# JavaScript 正则表达式

# 前言

;MDN (opens new window) 对正则表达式有更为详细的描述，此文仅是学习正则表达式过程中的记录和发散，相关的内容后面会逐步进行完善。

# 方法

# test

;test (opens new window) 用来检查字符串是否与正则表达式相匹配，返回布尔值。

/hello/.test('hello_world') // true

来看一个特殊情况。

const reg = /hello/
reg.test('hello_world') // true
reg.test('say_hello') // true

const reg = /hello/g
reg.test('hello_world') // true
reg.test('say_hello') // false
reg.test('hello_regexp') // true

你应该知道的是，每个正则表达式都有一个 lastIndex (opens new window) 属性，用来指定下一次匹配的起始索引，可读也可写，默认值为0（表示从字符串头部开始匹配）。但是一般不会起作用，只有在正则表达式开启了全局匹配g时，lastIndex才会生效。

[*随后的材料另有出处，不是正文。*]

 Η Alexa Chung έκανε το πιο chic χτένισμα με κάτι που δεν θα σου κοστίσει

以上第一个正则表达式未开启全局匹配，lastIndex始终不生效，每次执行test时都是从字符串的头部开始匹配，所以都会输出true。而当开启全局匹配时，执行第一个test匹配成功输出true，此时会将lastIndex更新为5，以便下一次匹配，而执行第二个test时，由于lastIndex为5（即从ello开始匹配），将匹配失败输出false。而匹配失败后，lastIndex将被重置为0，所以第三个test又输出true。

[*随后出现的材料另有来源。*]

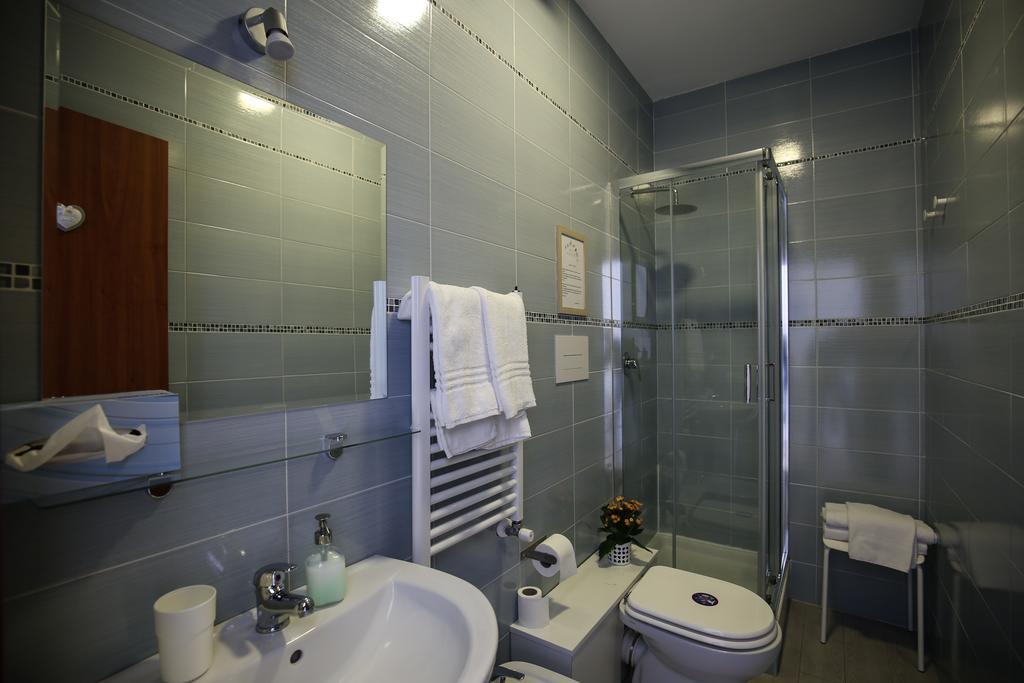Bernini 20 Bed and Breakfast Νάπολη Εξωτερικό φωτογραφία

因此若要在开启全局匹配下输出一致，可修改lastIndex属性（4表示从hello开始匹配）。

const reg = /hello/g
reg.test('hello_world') // true
reg.lastIndex = 4
reg.test('say_hello') // true
reg.lastIndex // 9

# exec

;exec (opens new window) 用于对字符串执行一次搜索匹配，返回一个结果数组或null。

其中数组中包括[0]（匹配的完整字符串）、[1]...[n]（捕获的分组）、index（匹配的内容在原字符串中的索引）、input（原字符串）、group（ES6的具名组）。

const reg = /h(e)ll(o)/i
const str = 'Hello foo, hEllo bar, heLlo baz'
reg.exec(str) // ["Hello", "e", "o", index: 0, input: "Hello foo, hEllo bar, heLlo baz", groups: undefined]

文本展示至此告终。